There are, of course, methods of numerical integration other than Simpson’s rule. I describe one here without proof. I call it “seven-point integration”. It may seem complicated, but once you have successfully programmed it for a computer, you can forget the details, and it is often even faster and more accurate than Simpson’s rule. You evaluate the function at \(6n + 1\) points, where \(n\) is an integer, so that there are \(6n\) intervals. If, for example, \(n = 4\), you evaluate the function at \(25\) points, including the lower and upper limits of integration. The integral is then:

\[\int_a^b f(x)dx = 0.3 \times (\Sigma_1 + 2 \Sigma_2 + 5 \Sigma_3 + 6\Sigma_4)δx, \label{1.2.9}\]

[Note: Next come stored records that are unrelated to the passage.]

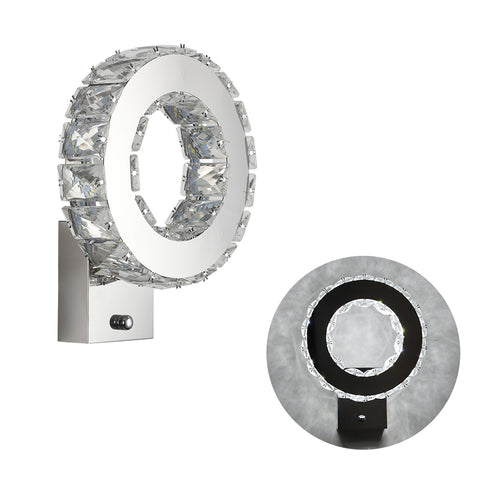 Applique da parete a LED per interni, lampada da parete in cristallo, luce bianca fredda 9W 6000K, design moderno, lampada da parete decorativa per soggiorno, camera da letto, corridoio, bagno, 24x20x10CM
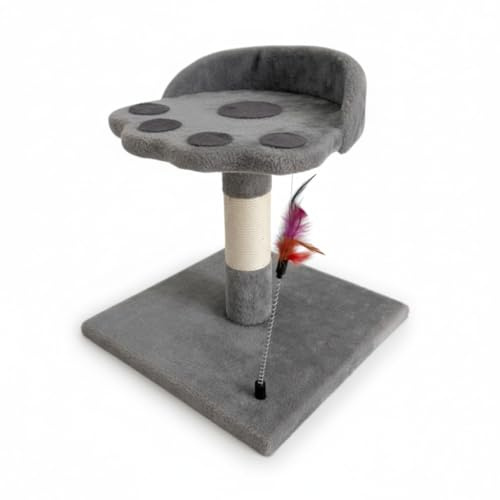 COTTECOTA Árbol Rascador para Gatos, Gris, Sisal, 35 x 35 x 46 cm, Forma de Huella, Juguete de Plumas con Resorte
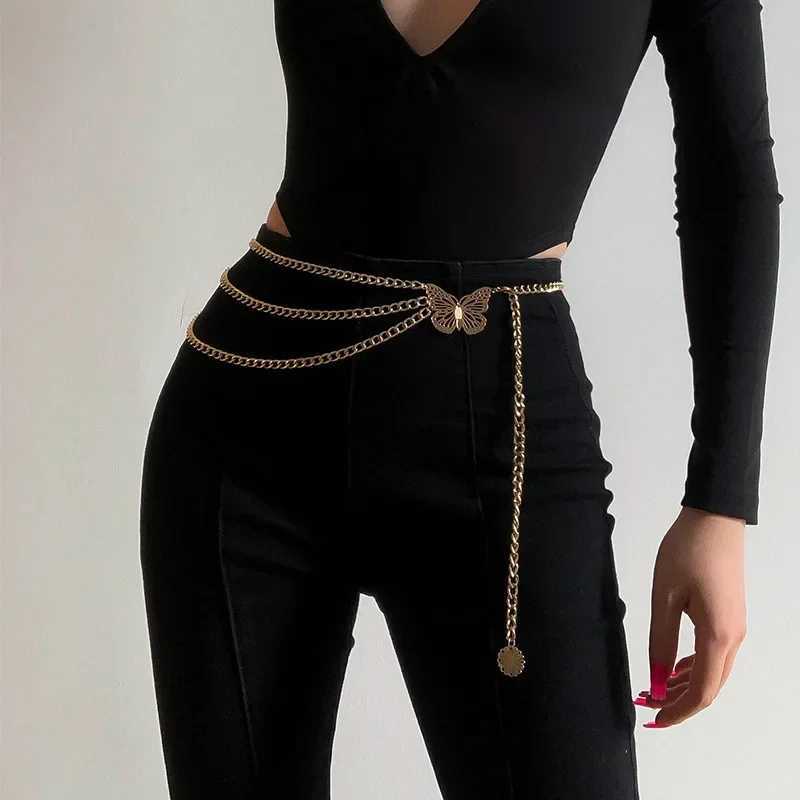 2025Summer Versatile Body Chain Hip Hop Retro Tassel Chain Waist Chain Female Creative Hollow Butterfly Flower Plate Body Chain Y250515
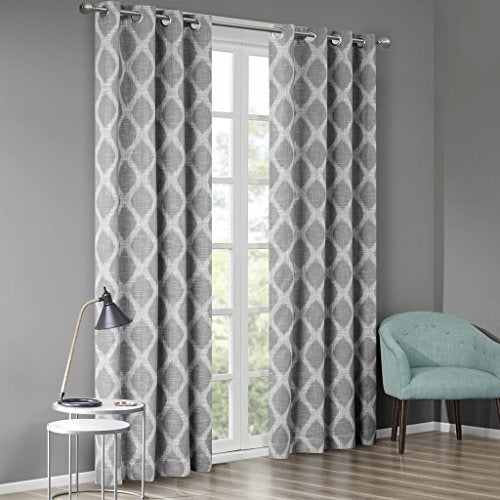 SUNSMART Blakesly Blackout Curtains Patio Window, Ikat Print, Grommet Top Living Room Decor, Thermal Insulated Light Blocking Drape for Bedroom and Apartments, 50" x 84", Grey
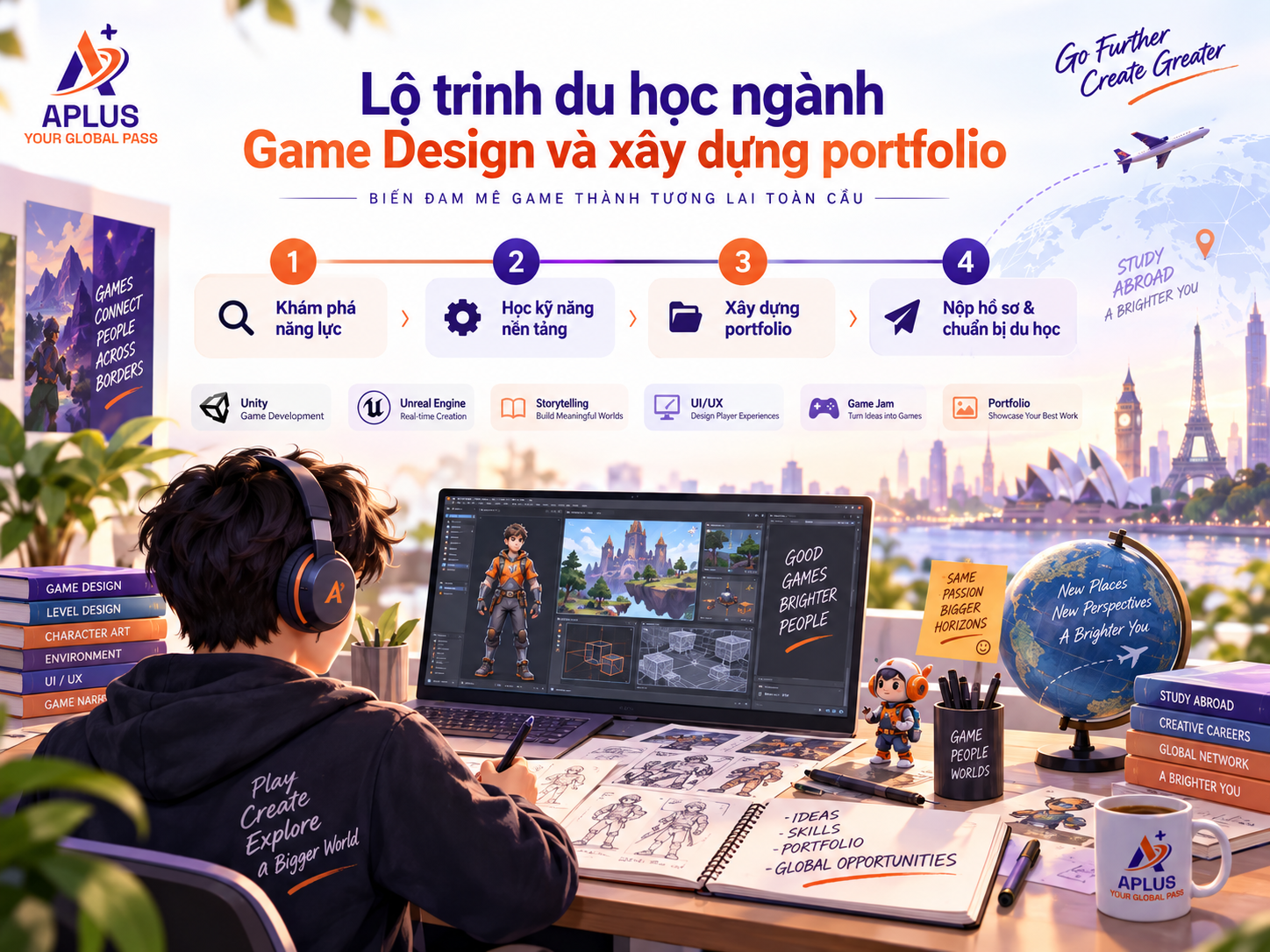 Lộ trình du học ngành Game Design và xây dựng portfolio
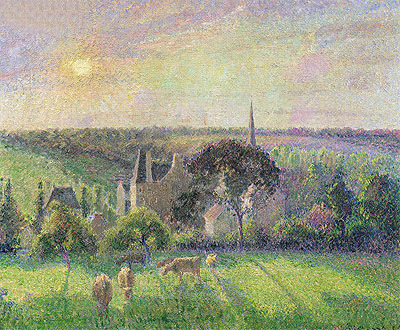 The Church and Farm of Eragny, 1895 | Pissarro | Gemälde Reproduktion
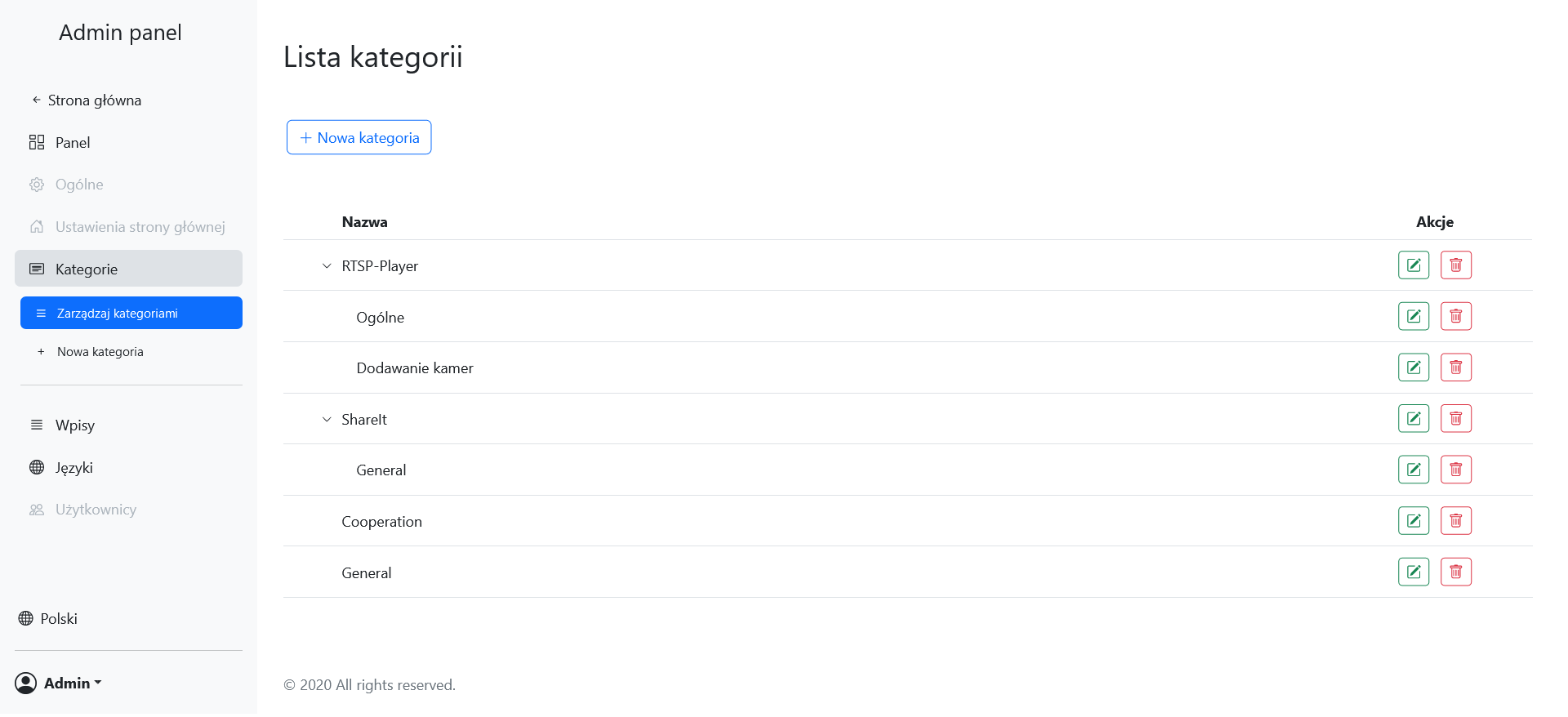 Screenshot of admin panel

where \(δx\) is the size of the interval, and

\[\Sigma_1 = f_1 + f_3 + f_5 + f_9 + f_{11} + f_{15} + f_{17} + f_{21} + f_{23} + f_{25} , \label{1.2.10}\]

\[\Sigma_2 = f_7 + f_{13} + f_{19} , \label{1.2.11}\]

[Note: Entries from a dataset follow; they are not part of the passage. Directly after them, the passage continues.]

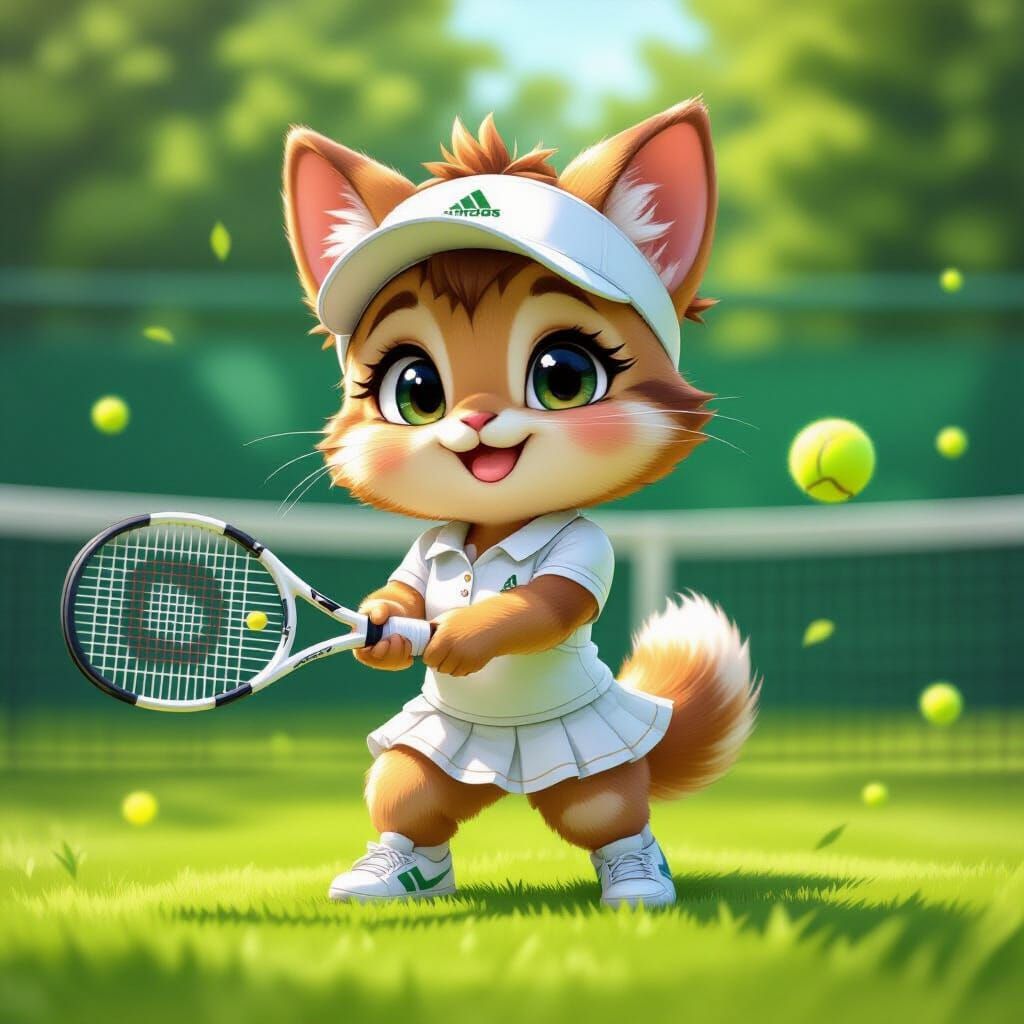 Chibi Animal Tennis Player at Wimbledon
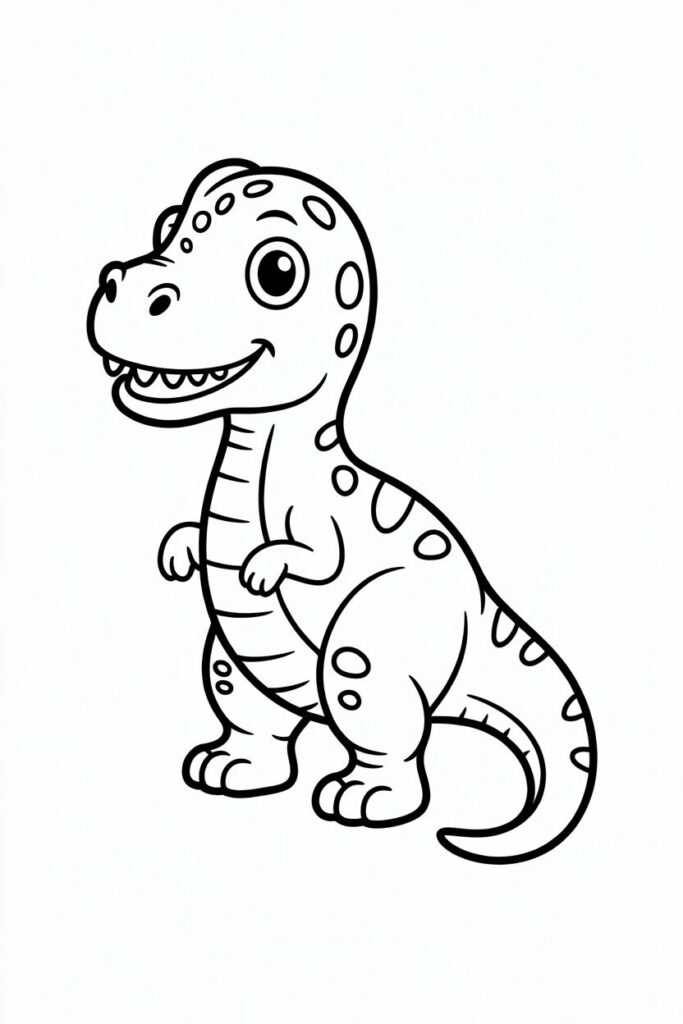 Illustrazione di un cucciolo di dinosauro sorridente, semplice e adorabile, ideale per pagina da colorare per bambini.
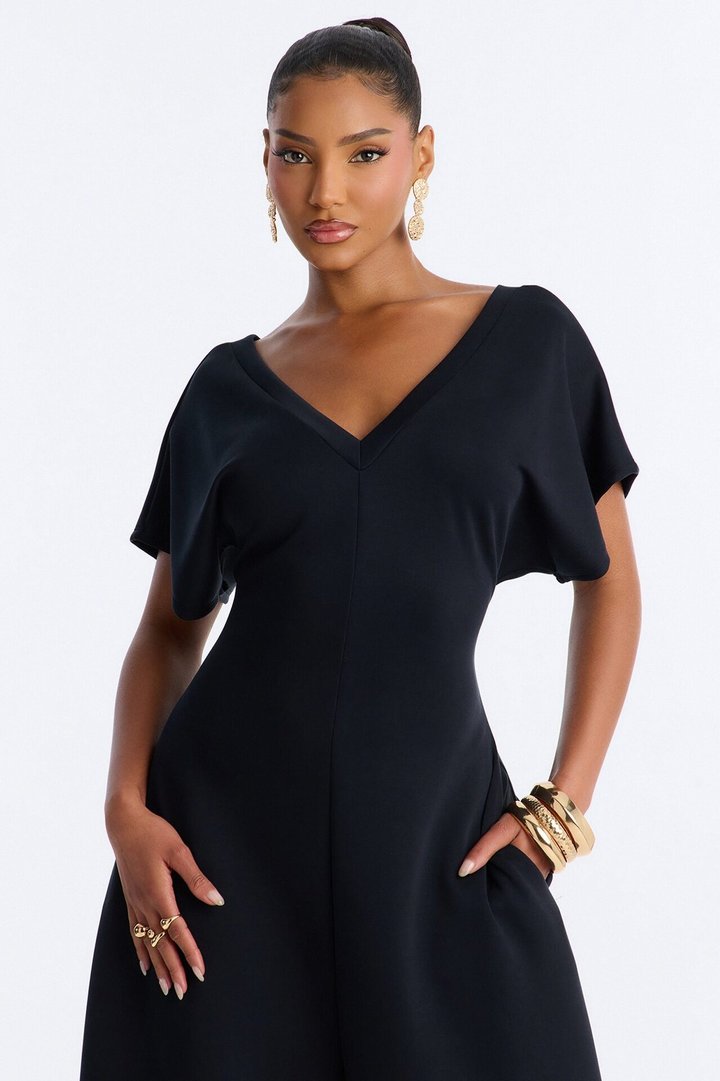 Let's Relax Barrel Wide Leg Jumpsuit - Black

\[\Sigma_3 = f_2 + f_6 + f_8 + f_{12} + f_{14} + f_{18} + f_{20} + f_{24} \label{1.2.12}\]

and \[\Sigma_4 = f_4 + f_{10} + f_{16} + f_{22} . \label{1.2.13}\]

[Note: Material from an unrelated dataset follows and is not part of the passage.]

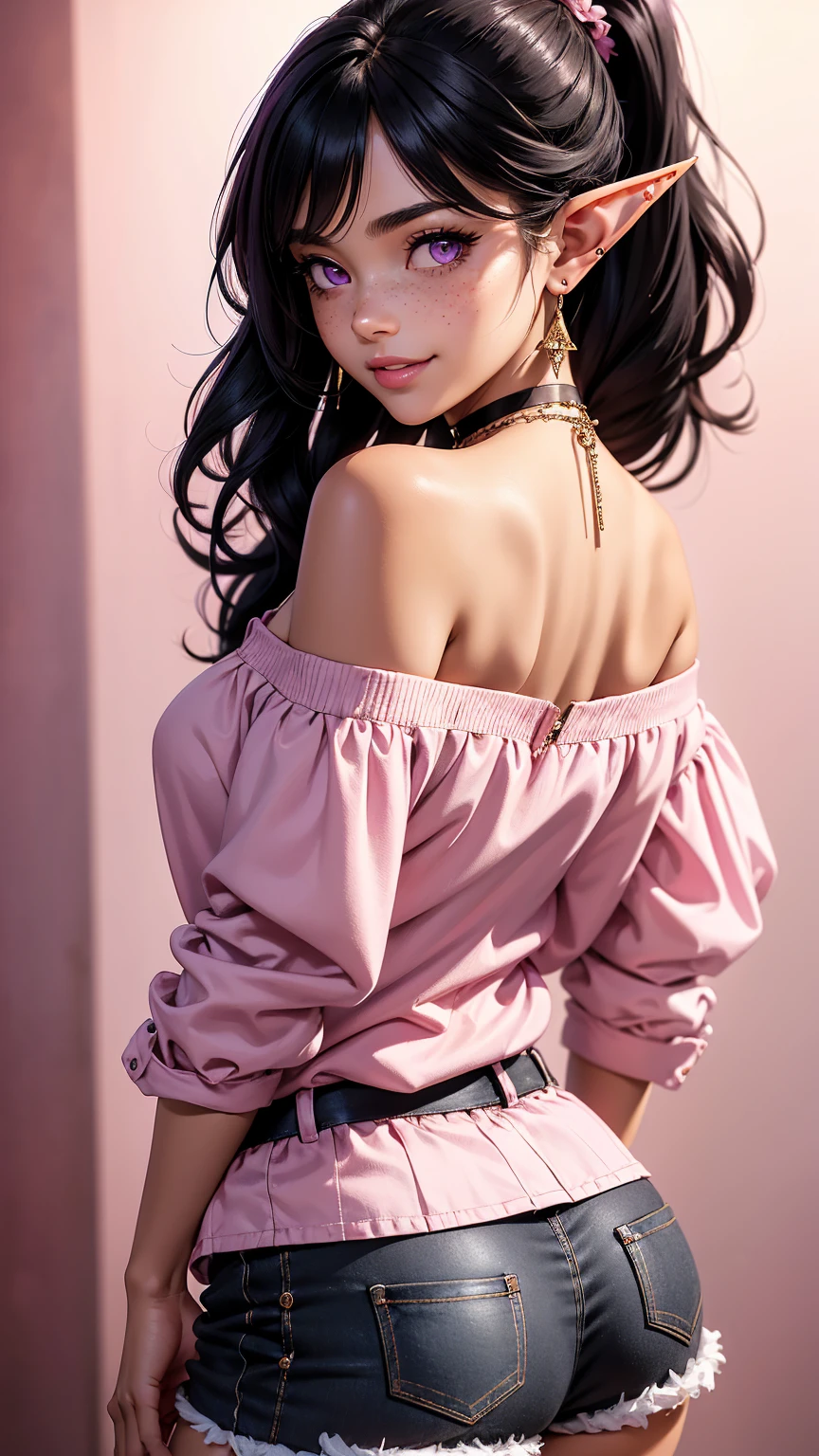 ((Best quality)), ((masterpiece)), (detailed: 1.3)
Beautiful woman, one girl, very detailed eyes, very detailed hair, very detailed clothes, very detailed face.
((Purple eyes)), ((black hair, ponytail hairstyle, wavy hair, long bangs)), ((elf ears)), earrings, piercing, tanned skin, ((pink short shirt, off shoulders, pink shorts)), large breasts, cleavage, open clothes, thick ass, choker, necklace, beautiful eyelashes, sultry eyes, juicy lips, soft blush, smooth skin, freckles, natural eyebrows, smiling.
Posing sexily, provocative, looking at viewer, in love with viewer, cinema lighting, standing, ((posing with back at viewer)), pink walls.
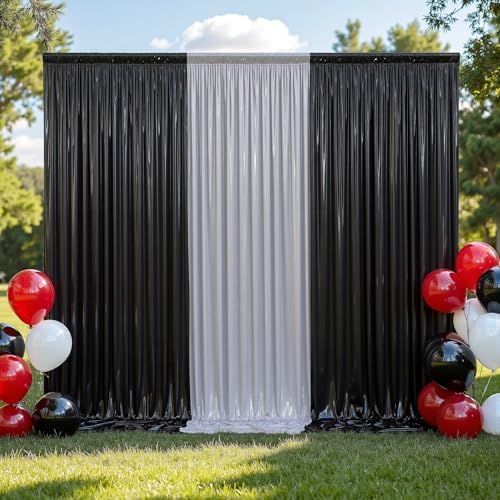 10x10 ft Wrinkle Free Black Sequin Backdrop Curtain for Parties,Thick Not Fall Glitter Wedding Drapes Backdrop,2 Panels 5x10ft Shimmer Photo Wall Back Drop Cloth for Birthday Photography Background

Here, of course, \(f_1 = f(a)\) and \(f_{25} = f(b)\). You can try this on the functions we have already integrated by Simpson’s rule, and see whether it is faster.

Let us try one last integration before moving to the next section. Let us try

\[\int_0^{10} \frac{1}{1+8x^3} dx . \nonumber\]

This can easily (!) be integrated analytically, and you might like to show that it is

\[\frac{1}{12} \ln \frac{147}{127} + \frac{1}{\sqrt{12}} \tan^{-1} \sqrt{507} + \frac{\pi}{\sqrt{432}} = 0.6039748 . \nonumber\]

However, our purpose in this section is to learn some skills of numerical integration. Using Simpson’s rule, I obtained the above answer to seven decimal places with \(544\) intervals. With seven-point integration, however, I used only \(162\) intervals to achieve the same precision, a reduction of \(70%\). Either way, the calculation on a fast computer was almost instantaneous. However, had it been a really lengthy integration, the greater efficiency of the seven point integration might have saved hours. It is also worth noting that \(x \times x \times x\) is faster to compute than \(x^3\). Also, if we make the substitution y = 2x, the integral becomes

\[\int_0^{20} \frac{0.5}{1+y^3} dy . \nonumber\]

This reduces the number of multiplications to be done from \(489\) to \(326\) – i.e. a further reduction of one third. But we have still not done the best we could do. Let us look at the function \(\frac{0.5}{1+y^3}\), in figure I.2b:

\(\text{FIGURE I2b}\)

We see that beyond \(y = 6\), our efforts have been largely wasted. We don’t need such fine intervals of integration. I find that I can obtain the same level of precision − i.e. an answer of \(0.6039748\) − using 48 intervals from \(y = 0\) to \(6\) and \(24\) intervals from \(y = 6\) to \(20\). Thus, by various means we have reduced the number of times that the function had to be evaluated from our original \(545\) to \(72\), as well as reducing the number of multiplications each time by a third, a reduction of computing time by \(91%\). This last example shows that it often advantageous to use fine intervals of integration only when the function is rapidly changing (i.e. has a large slope), and to revert to coarser intervals where the function is changing only slowly.

The *Gaussian quadrature* method of numerical integration is described in Sections 1.15 and 1.16.